That is to say that the cache always reads 4 bytes at a time from main memory, and always writes 4 bytes at a time to main memory. If the cache needs to read the byte at address 57, then it reads the bytes at addresses 56, 57, 58, 59 all at the same time, even though bytes 56, 58, 59 are not needed. Ditto for write.

Saying that it is a direct-mapped cache means that there is only one possible place in the cache for each byte from main memory. In the case of a byte with address n, it goes in cache line number (n >> 2) % 8192. There are 8192 (i.e. 2 to the power of 13) cache lines in each cache, each containing 4 bytes. The byte goes in the line that has the number formed from the 13 low bits 14-2 of the byte's address. That is a fair design for a non-multitasking operating system, but the cache will thrash badly if more than one program runs alternately in the CPU.

The cache line that fills with the group of 4 bytes starting at address n gets given the cache tag (n >> 2) / 8192 consisting of the 17 high bits 31-15 of the byte's address. Inside the cache, the tag of the predicted cache line is examined to determine if a wanted byte is in the cache or not.

The cache is write-through, which means that as soon as data is written to the cache, it is written on to main memory too. This makes writing to the cache as slow as writing to main memory. So why bother? The answer is that one would have to write to main memory anyway, and letting the cache snoop the data on the way there doesn't cost anything extra over that. It's just that one could have run even faster if main memory could have been updated opportunistically instead (a "write-back" cache). On the plus side, it saved me effort, as I didn't have to put in the accounting for whether data in cache has gone to main memory yet or not.

Direct mapping also saved programming effort in the code because no (non-trivial!) LRU algorithm was required. There's no "choosing" which cache entry to evict when a new datum is written in a direct-mapped cache.
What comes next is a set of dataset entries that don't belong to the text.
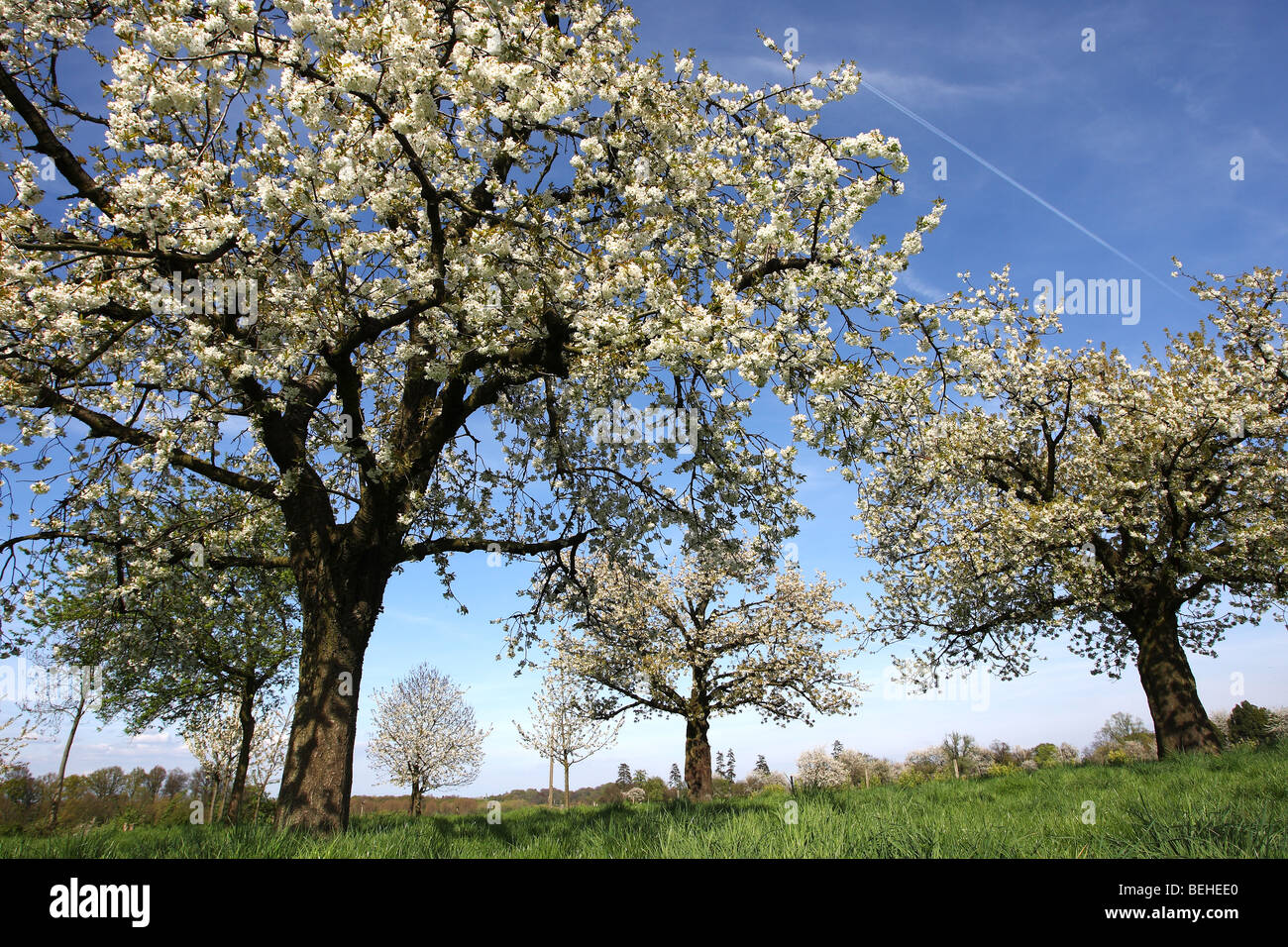 Blühender Baum Obstgarten, Haspengouw, Belgien Stockfoto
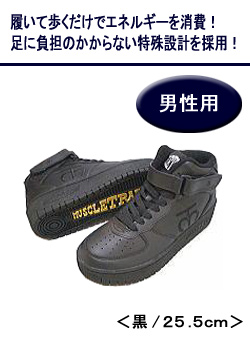 �w�}�b�X���g���[�i�[�x �j���p ��/25.5cm AB100��25.5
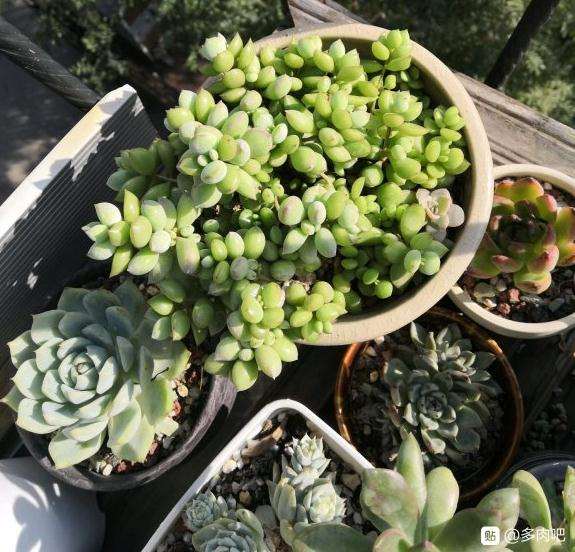 为什么感觉冬天多肉会比夏天死的更多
There is only one place each datum can go, so only one possible choice for eviction.

What's new now?

Concretely, the caching model differs from the non-caching models in terms of the Java code as follows:

There is no difference visible at the top level:

There is a new Cache class representing the cache, and the only difference in the code is that the Memory unit has two Cache objects created inside it by the main() setup code.

Caches have just read and write methods for 32-bit integers (4 bytes) at a time. Read can raise an exception (when the cache doesn't have the data requested), write always succeeds. When memory wants to read or write just a single byte to cache it has to diddle with the 32-bit cache data itself. Both cache read and write methods take the address/4 as argument, because they always deal in sets of 4 bytes.
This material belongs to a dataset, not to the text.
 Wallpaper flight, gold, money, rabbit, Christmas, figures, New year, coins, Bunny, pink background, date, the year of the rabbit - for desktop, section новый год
The constructor builds an internal array of nlines cache line tags and a corresponding space for the lines of cache data themselves, each 4 bytes long:

    Cache(int size) {
        nlines = size / 4;
        tags   = new int [nlines];
        lines  = new byte[nlines][4];
    }

A cache write involves calculating the array index of the cache line that is affected (line_idx) and checking the tag on that line to see if it matches that for the address being written (line_tag). If it does, there has been a cache hit on write. If it does not, then the write is a cache miss. The hit/miss statistics are collected for later, though the code inserts that do that are not shown here.
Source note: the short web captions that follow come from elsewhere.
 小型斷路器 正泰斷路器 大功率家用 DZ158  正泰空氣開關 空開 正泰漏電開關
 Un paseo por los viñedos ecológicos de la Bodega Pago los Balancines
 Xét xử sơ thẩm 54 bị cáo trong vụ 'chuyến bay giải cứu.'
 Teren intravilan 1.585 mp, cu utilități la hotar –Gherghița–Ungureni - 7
 void write32be(int addr, int val) {           // addr on input is the true addr divided by 4

    int line_idx = addr % nlines;              // index of cache line affected
    int line_tag = addr / nlines;              // expected cache tag
    
    if (tags[line_idx] != line_tag) {
        tags[line_idx] = line_tag;             // cache miss - write new tag
    }
    Utility.put32be(lines[line_idx], 0, val);  // update the cache line
}

Cache reads throw an exception if there is a cache miss.

int read32be(int addr) throws Exception {           // addr on input is the true addr divided by 4

    int line_idx = addr % nlines;                   // index of cache line affected
    int line_tag = addr / nlines;                   // expected cache tag
        
    if (tags[line_idx] != line_tag) {               // cache miss raises exception
        throw new Exception("addr " + addr + " not in cache");
    }
    return Utility.grab32be(lines[line_idx], 0);
}   

Again, the statistics-collecting code inserts are not shown here. Neither is some carefully engineered timing code which calculates how long the cache access would have taken. The timing code can be switched to use the timings appropriate to write-back cache for comparison purposes. Use "-o CACHE_TYPE=2". Type 1 is the (default) write-through cache.

The memory unit read methods (for single bytes and 4 bytes) now ask the cache first. If the cache read throws an exception, the main memory area will be consulted directly instead, and the cache updated with what is found. Memory write methods always update both main memory and cache ("write-through") together.

    public int read32be (int addr)                                 // requested addr is aligned at 4
    {
        ...
        if (region.start <= addr && addr < region.end) {
            try {
                data = cache.read32be (0x3fffffff & (addr >> 2));
            } catch (Exception e) {                                // not in cache, get it from memory
                int physaddr = addr - region.start + region.offset;
                data = Utility.grab32be (region.text, physaddr);
                cache.update32be (0x3fffffff & (addr >> 2), data); // snoop the data into cache too
            }
            return data;
        }
        ....
    }
    public void write32be (int addr, int data)                     // requested addr is aligned at 4
    {
        ...
        if (region.start <= addr && addr < region.end) {
            int physaddr = addr - region.start + region.offset;
            cache.write32be (0x3fffffff & (addr >> 2), data);      // update the data in cache
            Utility.put32be (region.text, physaddr, data);
            return;
        }
        ...
    }

The read8 and write8 methods are not shown. They pull in a whole cache line at a time and then update or isolate only the byte that is requested.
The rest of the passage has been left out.